In a statement, the commissioner’s office said the independence forces have seriously violated the Chinese Constitution, the Basic Law and the laws of Hong Kong, and harmed the country’s national security and territorial sovereignty.

“We strongly support the government of the Hong Kong SAR to deal with the matter in accordance with the Basic Law and the laws of the Hong Kong SAR. We strongly oppose any attempt by outside forces to provide a platform for supporters of “Hong Kong independence” to spread their falsehoods, “he said.

Journalism and free expression NGOs criticized the decision.

“Such a move may result in self-censorship on the part of groups to avoid sensitive topics and speakers, as our annual report on freedom of expression points out. We support the FCC which stands by its principles, ”Shirley Yam of the Hong Kong Journalists Association told HKFP.

Cédric Alviani, director of Reporters Without Borders (RSF) East Asia, told HKFP that he denounced the attempted intimidation of the FCC, “a club which represents the very spirit of press freedom in Hong Kong” .

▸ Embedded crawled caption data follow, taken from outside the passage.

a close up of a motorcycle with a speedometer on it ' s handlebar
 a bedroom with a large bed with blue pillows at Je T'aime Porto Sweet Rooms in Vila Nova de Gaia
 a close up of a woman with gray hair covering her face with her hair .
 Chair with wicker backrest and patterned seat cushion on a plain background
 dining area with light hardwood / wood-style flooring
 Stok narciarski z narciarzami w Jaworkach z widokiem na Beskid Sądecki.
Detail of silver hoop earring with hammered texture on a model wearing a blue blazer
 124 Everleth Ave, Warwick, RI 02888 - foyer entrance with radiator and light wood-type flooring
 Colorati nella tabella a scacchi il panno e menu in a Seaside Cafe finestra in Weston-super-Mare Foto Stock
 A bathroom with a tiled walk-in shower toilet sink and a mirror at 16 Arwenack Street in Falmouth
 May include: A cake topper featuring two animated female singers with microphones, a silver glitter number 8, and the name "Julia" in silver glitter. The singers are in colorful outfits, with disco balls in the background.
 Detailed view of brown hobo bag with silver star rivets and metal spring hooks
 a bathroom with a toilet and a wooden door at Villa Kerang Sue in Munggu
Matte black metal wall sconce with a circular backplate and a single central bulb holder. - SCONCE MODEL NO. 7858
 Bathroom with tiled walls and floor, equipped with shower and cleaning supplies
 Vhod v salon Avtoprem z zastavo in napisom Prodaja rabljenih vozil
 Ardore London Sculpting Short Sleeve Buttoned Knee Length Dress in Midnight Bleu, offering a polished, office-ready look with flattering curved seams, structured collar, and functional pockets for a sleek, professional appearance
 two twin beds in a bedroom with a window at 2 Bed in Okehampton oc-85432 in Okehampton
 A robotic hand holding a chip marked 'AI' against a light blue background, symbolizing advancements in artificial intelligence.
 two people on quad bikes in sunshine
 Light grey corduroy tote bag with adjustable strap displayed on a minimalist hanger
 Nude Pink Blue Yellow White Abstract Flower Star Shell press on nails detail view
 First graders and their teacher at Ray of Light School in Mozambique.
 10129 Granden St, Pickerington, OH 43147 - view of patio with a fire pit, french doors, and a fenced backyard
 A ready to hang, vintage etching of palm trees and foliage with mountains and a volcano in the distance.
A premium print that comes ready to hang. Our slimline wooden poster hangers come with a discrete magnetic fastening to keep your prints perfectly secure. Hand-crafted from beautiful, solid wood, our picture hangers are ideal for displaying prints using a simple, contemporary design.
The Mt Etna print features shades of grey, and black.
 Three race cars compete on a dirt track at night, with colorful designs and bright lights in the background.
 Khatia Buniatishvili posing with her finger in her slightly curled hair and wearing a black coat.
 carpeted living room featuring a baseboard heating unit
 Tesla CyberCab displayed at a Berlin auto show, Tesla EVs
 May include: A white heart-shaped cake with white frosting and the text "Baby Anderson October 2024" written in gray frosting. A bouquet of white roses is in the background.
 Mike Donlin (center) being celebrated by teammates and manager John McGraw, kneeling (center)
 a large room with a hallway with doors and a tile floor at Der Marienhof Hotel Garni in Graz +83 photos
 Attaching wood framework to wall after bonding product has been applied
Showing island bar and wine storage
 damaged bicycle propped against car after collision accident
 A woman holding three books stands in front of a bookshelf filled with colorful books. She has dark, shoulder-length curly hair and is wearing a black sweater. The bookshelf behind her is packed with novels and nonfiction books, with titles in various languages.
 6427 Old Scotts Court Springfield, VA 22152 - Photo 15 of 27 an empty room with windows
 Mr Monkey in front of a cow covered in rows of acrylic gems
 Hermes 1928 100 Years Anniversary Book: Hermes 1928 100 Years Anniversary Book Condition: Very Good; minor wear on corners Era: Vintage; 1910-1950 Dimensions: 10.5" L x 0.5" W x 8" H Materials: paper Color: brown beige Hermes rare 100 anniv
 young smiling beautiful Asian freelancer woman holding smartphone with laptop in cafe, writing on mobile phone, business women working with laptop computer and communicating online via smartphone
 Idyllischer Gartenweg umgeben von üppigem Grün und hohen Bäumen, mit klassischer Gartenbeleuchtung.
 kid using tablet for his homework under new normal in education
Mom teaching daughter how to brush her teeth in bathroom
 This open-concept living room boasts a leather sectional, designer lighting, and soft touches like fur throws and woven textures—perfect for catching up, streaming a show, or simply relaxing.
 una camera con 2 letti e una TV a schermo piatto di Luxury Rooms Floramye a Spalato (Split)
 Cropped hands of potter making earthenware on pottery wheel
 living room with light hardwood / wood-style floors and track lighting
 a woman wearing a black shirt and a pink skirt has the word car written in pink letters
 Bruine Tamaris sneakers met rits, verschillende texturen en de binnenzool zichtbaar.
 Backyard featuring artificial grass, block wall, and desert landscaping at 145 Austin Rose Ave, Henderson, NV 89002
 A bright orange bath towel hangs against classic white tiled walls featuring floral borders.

Foreign correspondents club. Photo: Government of Hong Kong.

“We urge Beijing to respect freedom of speech and freedom of the press, which are explicitly written in the basic law signed by China before the handover,” Alviani added.

Acting club president Victor Mallet confirmed that the Bureau made a statement to the FCC: “Our position is that we are a club which is a very strong defender of press freedom and freedom of expression. .

See also: “Enemy of the State” – National Party Founder Andy Chan Says Party “Unmasked” Hong Kong Political Reality

Police last month told the government there was a strong enough case in the interests of “national security, public safety, public order, protection of liberty and the rights of others”For the security secretary to ban the party, citing section 8 (1) (a) of the Companies Ordinance for the first time after the surrender.